The simulation does not retain a tetrahedral geometry. Instead the H-C-H angles appear to be metastable.

methane_angle_trace

Here are the histograms of H-C-H angles visited in the trajectory:

methane_angle_histogram

Also the C-H distances appear to be bistable: methane_distance_trace

1.3. ANI-1ccx predicts a non-tetrahedral geometry to have nearly 50 kJ/mol lower energy than the minimum-energy tetrahedral geometry

The lowest-energy snapshot from this trajectory includes nearly right angles, and is over 40 kJ/mol more favorable than the minimum-energy tetrahedral geometry. We further minimized its energy using gradient descent on the ANI-1ccx potential, obtaining the following:

array([[ 0.        ,  0.        ,  0.        ],
       [ 0.64702535,  0.64647233,  0.8811238 ],
       [-0.64734113, -0.6475463 ,  0.8808765 ],
       [-0.7168874 ,  0.7172707 , -0.33484012],
       [ 0.7182246 , -0.71852016, -0.33497408]])

global_minimum_structure

with two of the C-H bonds at length 1.27 angstroms and the other two C-H bonds at length 1.07 angstroms.

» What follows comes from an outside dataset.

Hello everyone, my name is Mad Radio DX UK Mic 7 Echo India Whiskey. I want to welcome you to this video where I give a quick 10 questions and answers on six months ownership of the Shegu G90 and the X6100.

The H-C-H angles at this conformation are 92.2 , 102.5, and 143.5 degrees.

The ANI-1ccx energy of this configuration is -106313.8125 kJ/mol.

This is ~47 kJ/mol more favorable than the minimum-energy tetrahedral geometry.

Is there an intuition for this behavior, and is anything similar observed for more complicated molecules?

1.4. Energy scans

We took the energy-minimized geometry and scaled it up and down, obtaining the following energy profile (in orange): methane_tetrahedral_with_uncertainties

The x-axis represents the average C-H bond length. The uncertainty bands represent the standard deviation among the 8 models in the ANI-1ccx ensemble.

For comparison, in blue is the energy profile we obtained for tetrahedral geometries, the dashed line is the energy obtained when the coordinates are all (0,0,0), and the dotted line at 0 corresponds to the global minimum energy encountered so far.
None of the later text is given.